TF/IDF based similarity that has built-in tf normalization and is supposed to work better for short fields (like names). See Okapi_BM25 for more details. This similarity has the following options:

k1 => Controls non-linear term frequency normalization (saturation). The default value is 1.2.

b => Controls to what degree document length normalizes tf values. The default value is 0.75.

discount_overlaps => Determines whether overlap tokens (Tokens with 0 position increment) are ignored when computing norm. By default this is true, meaning overlap tokens do not count when computing norms.

So you should configure a new similarity in your index settings like that :

PUT <index>
{
  "settings": {
    "index": {
      "number_of_shards": 1
    },
    "similarity": {
      "my_bm25_without_length_normalization": {
        "type": "BM25",
        "b": 0
      }
    }
  },
  "mappings": {
    "doc": {
      "properties": {
        "name": {
          "type": "text",
          "similarity": "my_bm25_without_length_normalization"
        }
      }
    }
  }
}

Then if will stop penalizing longer name for the scoring.
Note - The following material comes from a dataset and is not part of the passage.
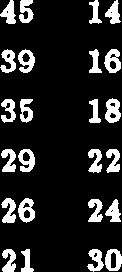 Vedlegg 2 Utbytte (antall og vekt) av forstukafiske med standard bunngarnrerier i ulike deler av Nea 1987-1989.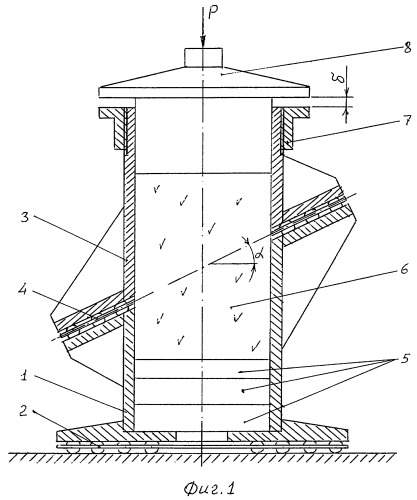 Устройство для испытания мерзлого грунта на сдвиг (патент 2291250)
The length normalization will be kept for other fields.

2
On

I just have 2 recommandations at first glance:

1.use the english analyzer on that field. i believe the distance between terms in your query impacts the scoring of documents and i am wrong(edit: as pointed by @Pierre Mallet, it is not the case un multi_query) and the standard analyzers keep words like "for" and "a", which probably lowers the score of the document because "for a" are considered tokens by the analyzer.

2.if you have anything like a description or detail document, you could add that field to your multi_match fields list and tweak the scoring of the fields using ^2 to manipulate scoring mathematically (relevancy of the name is more important than relevancy of the description, but the content of description could be a nice tie breaker on some results) see the following example:

"multi_match": {
  "query": "open source",
  "fields": [
    "title^2",
    "content"
  ]
}

You could also explore the type parameter of the multi_match, which affects how the scoring of results behaves. see this documentation for more details.

0
On

I would recommend setting operator parameter of multi_match to and:

{
  "query": {
    "bool": {
      "must": [
        {
          "multi_match": {
            "fields": ["name"],
            "query": "Chevrolet Hub Bearing",
            "operator": "and"
          }
        }
      ]
    }
  }
}

The and operator ensures that all words from the search phrase must appear in the resulting document. This setting alone should give you the desired results.